= What is expected =
Reproduce from the records below, with no pictures, exactly the lines between the one containing "2 bedroom flat" and the one containing "El acceso a", inclusive.

= Record excerpts =
#####
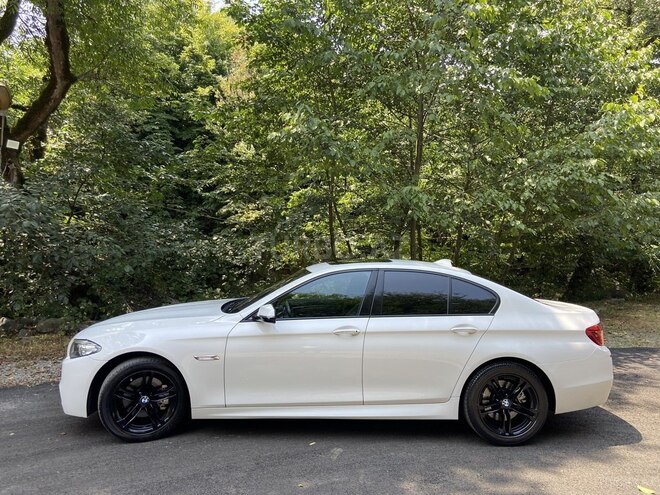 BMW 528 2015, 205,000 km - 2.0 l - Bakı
#####
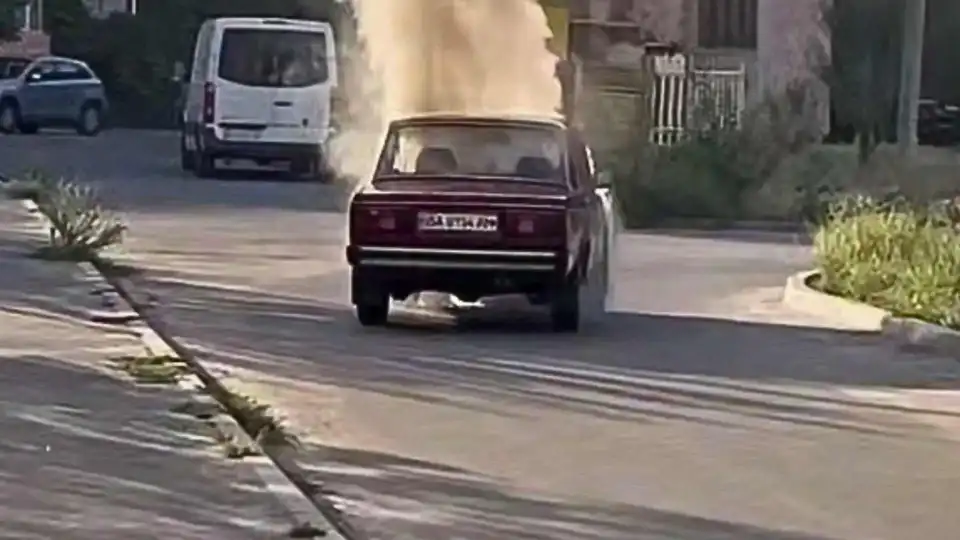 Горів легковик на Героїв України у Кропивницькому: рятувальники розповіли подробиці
#####
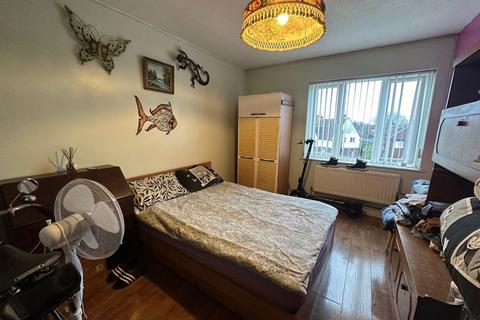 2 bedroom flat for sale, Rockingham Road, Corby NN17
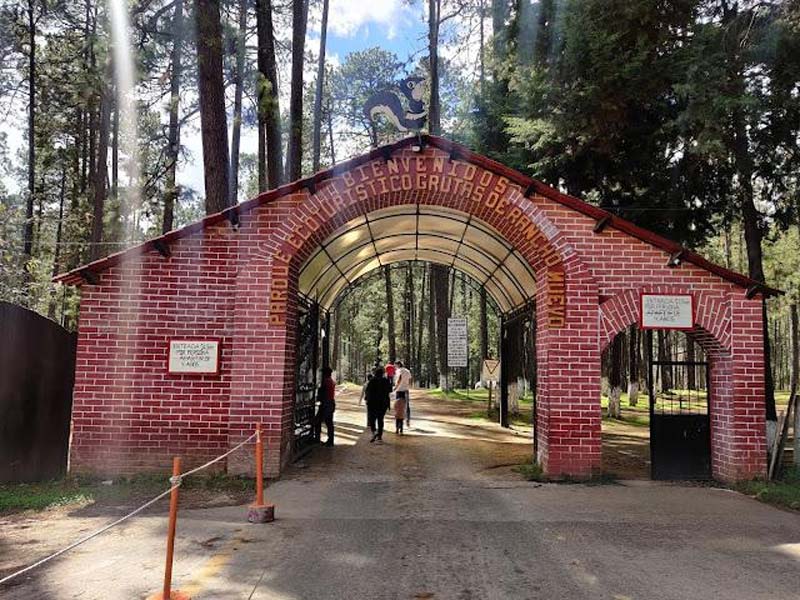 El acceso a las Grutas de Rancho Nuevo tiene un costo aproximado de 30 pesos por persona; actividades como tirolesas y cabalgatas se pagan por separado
#####
= Your response =
 2 bedroom flat for sale, Rockingham Road, Corby NN17
 El acceso a las Grutas de Rancho Nuevo tiene un costo aproximado de 30 pesos por persona; actividades como tirolesas y cabalgatas se pagan por separado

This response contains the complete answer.